Because we're talking trillions, not billions, is my understanding. And who were they going to borrow from? They were all swimming.
2) What was so different about the derivatives structured in the 90's versus those structured in the years leading up to the economic collapse in the fall of 2008?
Volume is my guess. Didn't they mention that derivatives were spawned from 'futures', which were regulated. Derivatives were not regulated, but were not a huge portion of the global economy. The housing boom basically rode on magic carpet of derivatives (among other things like speculation, etc.)
Remember, these were lauded as new instruments and new uses of those instruments...they evolve at a staggering pace. Of course, one might assume conservatives...staunch opponents of progressiveness and change, would want to temper wall streets light-speed progressive actions. But since when did average voters have to be consistent?
3) Clearly the fed (treasury) knew of the problems an unregulated derivatives market would have on this nation's economy. Why didn't TPTB do more to stop this eventuality 11 yrs ago?
We're mortal. Ultimately what you term as a "problem" made a great many people very wealthy, wealth that they did NOT lose even after the collapse. Was that the conscious reason? not really, but it's the root cause. We have to accept that people will run over grandma to make a fortune before they die...and put guard rails up so they don't.
However, what I don't know exactly is how much debt our nation's banks were carrying at that time in light of what I now know from the Frontline documentary. So, what I'd be interested in knowing is how deep was the 2008 banking debt? Remember: 14 banks paid $400 million each to avoid a $1 trillion economic disaster in 1998. Just how far did this debt go in 2008 and how many financial institutions were actually involved?
$400M x 14 banks? That's pocket change to this crisis.
The New York State Comptroller's Office has said that in 2006, Wall Street executives took home bonuses totaling $23.9 billion. "
Just the executive bonuses in one year exceed what you remarked as the 1998 ante.
As to debt, here were some numbers, but it seems like bank debt related to consumers...still gives some insight.
[ame=http://en.wikipedia.org/wiki/Subprime_mortgage_crisis]Subprime mortgage crisis - Wikipedia, the free encyclopedia[/ame]

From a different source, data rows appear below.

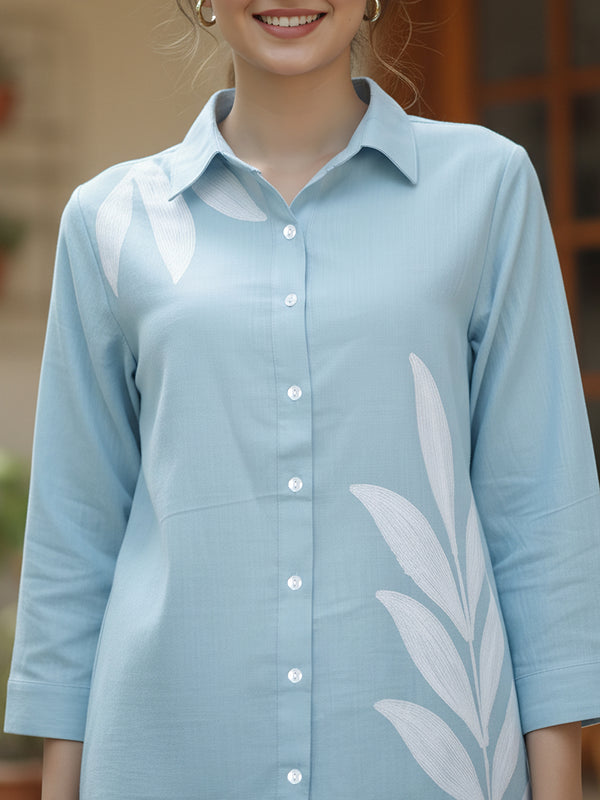 Easy Breezy Blue Linen Cotton Co-ord Set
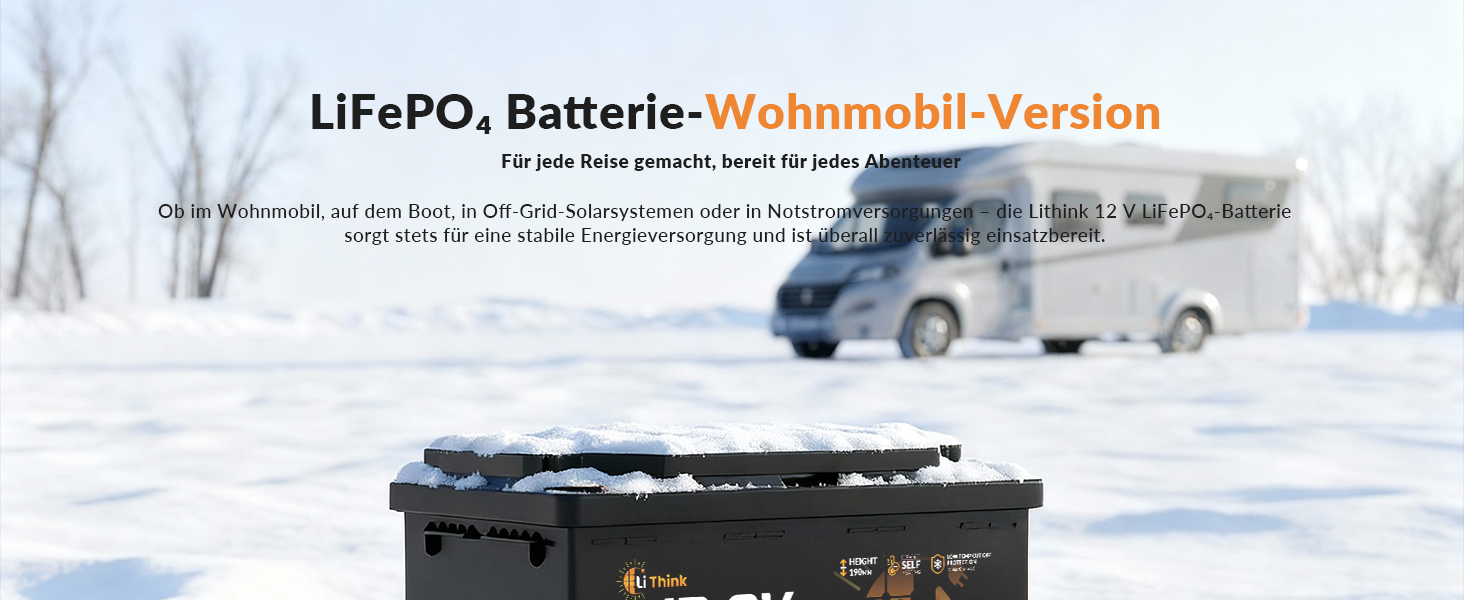 LiFePO4 акумулятор 12V 100Ah H190 з Bluetooth 5.4 для кемперів та житлових будинків на колесах, сертифікація ECE R10
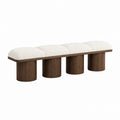 Wood and Cream Upholstered Bench with Cylindrical Legs 180cm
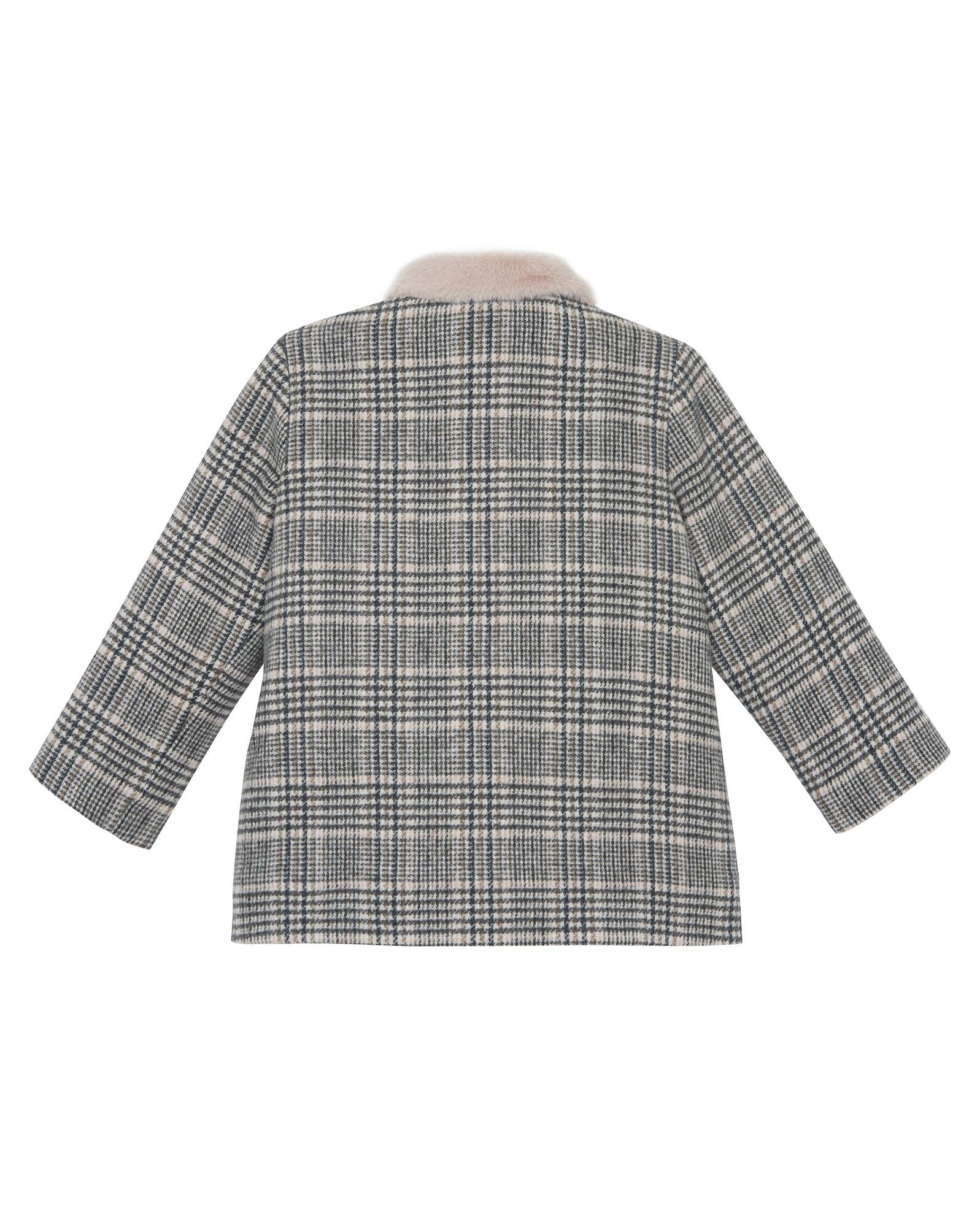 Manteau Suzanne rose en lainage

The total amount of mortgage-backed securities issued almost tripled between 1996 and 2007, to $7.3 trillion. The securitized share of subprime mortgages (i.e., those passed to third-party investors via MBS) increased from 54% in 2001, to 75% in 2006.[74] American homeowners, consumers, and corporations owed roughly $25 trillion during 2008. American banks retained about $8 trillion of that total directly as traditional mortgage loans. Bondholders and other traditional lenders provided another $7 trillion. The remaining $10 trillion came from the securitization markets. The securitization markets started to close down in the spring of 2007 and nearly shut-down in the fall of 2008. More than a third of the private credit markets thus became unavailable as a source of funds.[91][92] In February 2009, Ben Bernanke stated that securitization markets remained effectively shut, with the exception of conforming mortgages, which could be sold to Fannie Mae and Freddie Mac.[93]